Over the past 50 years it’s probably fair to say that a great deal of the sociology of crime and deviance in both America and, to a lesser extent, the UK, has been orientated towards situational crime prevention techniques and strategies in terms of both practical strategies and theoretical explanations (such as Routine Activities Theory).
Part of the reason for this preoccupation with both building better – and trying to strengthen existing – mouse-traps is that there’s quite a bit of evidence to demonstrate the efficacy of various crime prevention strategies in reducing crime. Painter and Farringdon’s Stoke-on-Trent Street Lighting study, for example, is a case in point if you want to illustrate this idea.
However – and you probably knew there would be a but – when you’re looking at situational crime prevention in a-level sociology it’s always useful to have something up your sleeve for evaluation purposes and, in this instance, there are a couple of different types of “Yes, but…” evaluation you might want to consider.
T6: Types of Crime Displacement
The first focuses on six practical criticisms of SCP put-forward by Reppetto (1976) and Barr and Pease (1990) that describe various ways crime may be displaced by crime prevention techniques; that is, although a crime may be “prevented” it’s possible the offence is simply committed elsewhere, at a different time or by different people. In other words, while SCP strategies may give the appearance of “preventing crime” they may not be successful in every instance.
An obvious example here might be the presence of a burglar alarm on a property.
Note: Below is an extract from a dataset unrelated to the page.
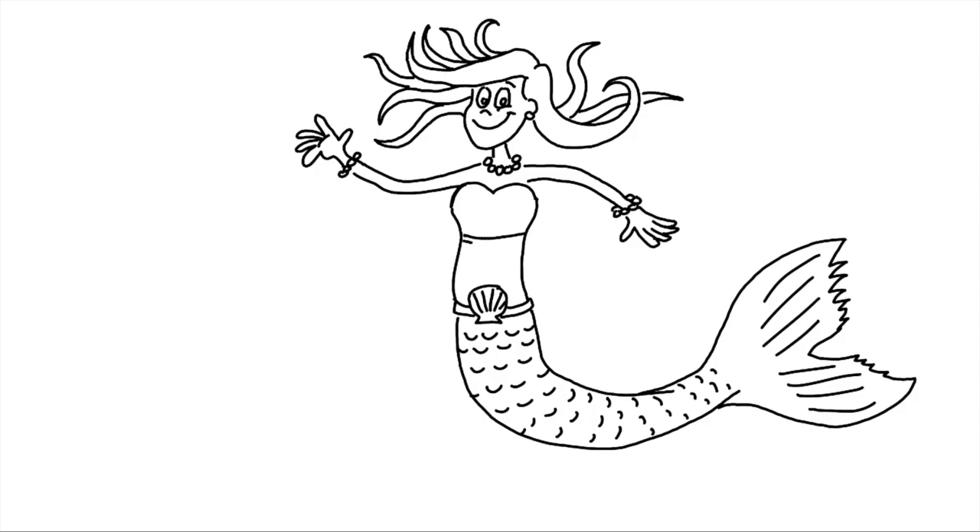Give her a little crop top there. Put some more hair in on either side.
This may deter an offender but if they simply move to burgle another, unprotected, property in the next street has a crime actually been prevented?
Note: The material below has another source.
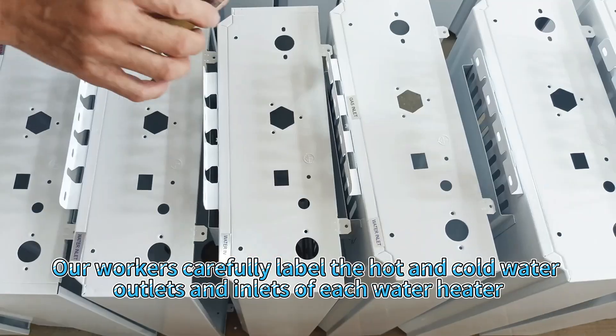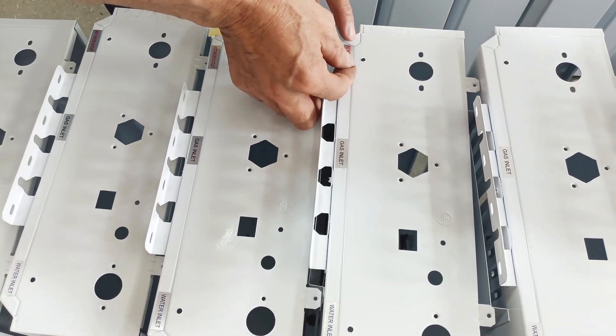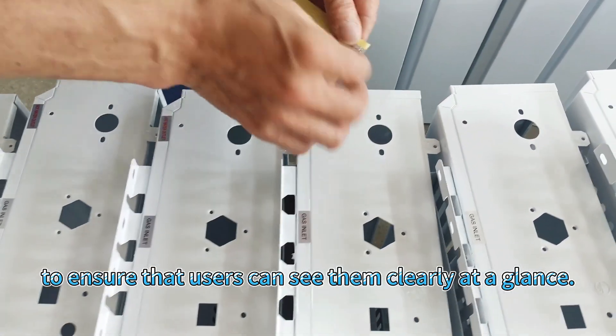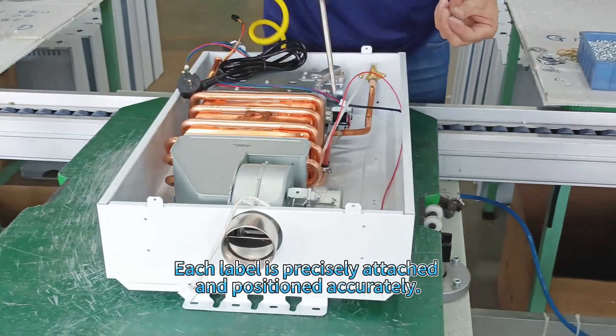Our workers carefully label the hot and cold water outlets and inlet of each water heater to ensure that users can see them clearly at a glance. Each label is precisely attached and positioned accurately.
If you want to display the 6 types to your class I’ve put them into a simple Crime Displacement PowerPoint Presentation that should do the job adequately. If you’re not a PowerPoint Person the 6 types of crime displacement are:
1. Temporal: The crime is committed at a different time.
2. Tactical: The crime is committed using a different method.
3. Target: The crime is committed against a different target.
4. Territorial: The crime is committed in a different area.
5. Type (or Functional): A different type of crime is committed.
6. Transgressors (or Perpetrator Displacement): Prevented crimes are committed by different offenders.
While the types are, I trust, fairly self-explanatory you might want to think about examples you could use to illustrate each type (or maybe suggest one example if needed and ask your students to think of others). A relatively simple example of Territorial crime displacement, for example, might be something like prostitution or drug-dealing.
Designing-in Crime?
The second is a highly-theoretical (and probably not something you should ask most a-level students to approach lightly) argument advanced by Thomas Raymen (“Designing-in Crime by Designing-Out the Social? Situational Crime Prevention and the Intensification of Harmful Subjectivities”: British Journal of Criminology, 56, 2016) based around Hall and Winlow’s “Ultra-Realist” criminology.
In a very simplified nutshell Raymen’s argument is that the various techniques and strategies advanced by situational crime prevention (SCP) proponents have increasingly and perhaps inexorably led to the creation of “post-social individualistic environments”.
SCP operates by creating spaces – both public and private – that are characterised by external rules and surveillance systems (such as CCTV) that reflect a “capsular civilisation” – “an atomized society of individuals who have retreated into a vast array of private capsules – both physically real and symbolic”.
Social order, in this situation, is created and maintained inorganically; rather than developing and growing organically through normalised forms of social interaction between motivated subjects (people) it is increasingly a system of imposed rules; people and places are “protected” not merely from the threat of crime but also from the threat of meaningful social interaction that, in the normal course of events, leads to people liking and trusting each other in ways that make crime unthinkable (in a similar way, for example, that most people don’t steal from their friends).
Urban spaces, for example, are reconstructed as asocial spaces that exist primarily for the benefit of corporate owners, who use them to sell different consumption practices (whether it be alcohol or high-street fashion) and who are willing and able to protect them only insofar as this conforms to their corporate needs (profits) and identities (creating spaces where people can peacefully consume).
The ultimate extension of SCP, in this respect, is the creation of “non-spaces” – environments that “actively discourage pro-social public engagement” because they are designed to “move the individual on to the next individualistic consumer activity” in a safe, secure and non-threatening way that, somewhat ironically perhaps, removes all sense of human emotion from the equation.
I did say it was “difficult” (even though I haven’t touched on the half of it…) but if you want to get a sense of the argument it might be helpful to think about a social space such as DisneyLand and how it’s designed to be a perfectly safe corporate environment that exists to protect the individual in order to allow them to consume whatever it is Disney is selling (see Shearing and Stenning (1997) if you want a very readable explanation of this process).